Figure 6: MiCRo-Llama models obtain superior alignment with human performance on CogBench metrics, exceeding baseline modular and dense counterparts.

Reasoning and Knowledge Benchmark Performance

Across reasoning benchmarks (GSM8K, MATH, MMLU, BBH), MiCRo models match or outperform both dense and generic modular baselines, despite explicit modularization. Domain-ablation further demonstrates that selectively retaining relevant experts can lead to continued gains (e.g., improved math accuracy when social expert is ablated on math benchmarks).

Implementation Considerations and Scaling

• Model Instantiation: Clone base transformer blocks per layer; implement top-1 router as an individual MLP for each layer.
• Token Labeling: Leverage SOTA models (e.g., GPT-4o) for token-level expert domain annotation; this demands scalable pseudo-labeling infrastructure.
• Training Pipeline: Use staged learning schedules with small batch domain-aligned data for specialization, then freeze parameters as needed per stage, culminating in full-scale supervised instruction tuning.
• Resource Requirements: The approach is computationally efficient due to top-1 routing, but memory footprint scales with the number of expert blocks.
• Scalability: MoB specialization persists robustly through models of moderate size ($\leq$3B params); MoE specialization is less reliable, especially at higher scale in this framework.

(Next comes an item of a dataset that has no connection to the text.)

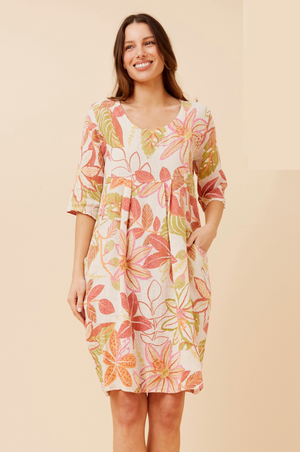 Bottega Moda 3/4 Sleeve Linen Pocket Dress in Rust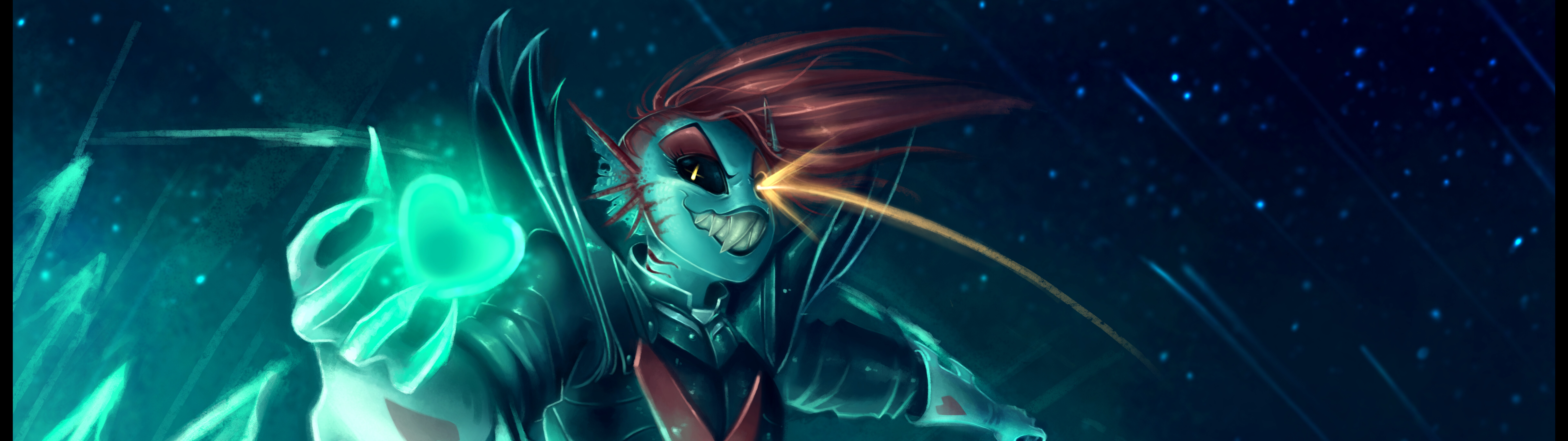 Undyne, la guerriera immortale di Undertale, indossa un’armatura, ha i capelli rossi e un simbolo a forma di cuore rosso.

Theoretical and Practical Implications

• Interpretability & Control: Induced specialization enables direct causal interventions and reasoning-domain steering. Fine-grained control at inference—through ablation or targeted routing—supports domain-specific deployment requirements.
• Neuroscience Modeling: Provides a computational substrate for simulating hypotheses about neurocognitive modularity, potentially guiding future experimental designs and analysis in systems and cognitive neuroscience.
• Extension to Other Domains: The approach generalizes beyond language, with infrastructure capable of scaling to additional cognitive modules as neuroanatomical or behavioral evidence emerges (e.g., intuitive physics, pragmatic reasoning).
• Efficient Inductive Bias: Demonstrates that minimal domain-aligned supervision ($\sim$3k examples) suffices for enduring modular specialization, offering practical gains in data efficiency for architecture-conditioned learning.

Conclusion

The Mixture of Cognitive Reasoners approach substantiates that modularization informed by cognitive neuroscience can endow transformer models with interpretable, causal, and steerable specialization—yielding competitive performance, enhanced interpretability, and tighter behavioral alignment. This paradigm augments both the computational toolkit for interpretable NLP and the scientific framework for bridging AI architectures with human cognition, setting the stage for further cross-disciplinary advances in modular intelligence.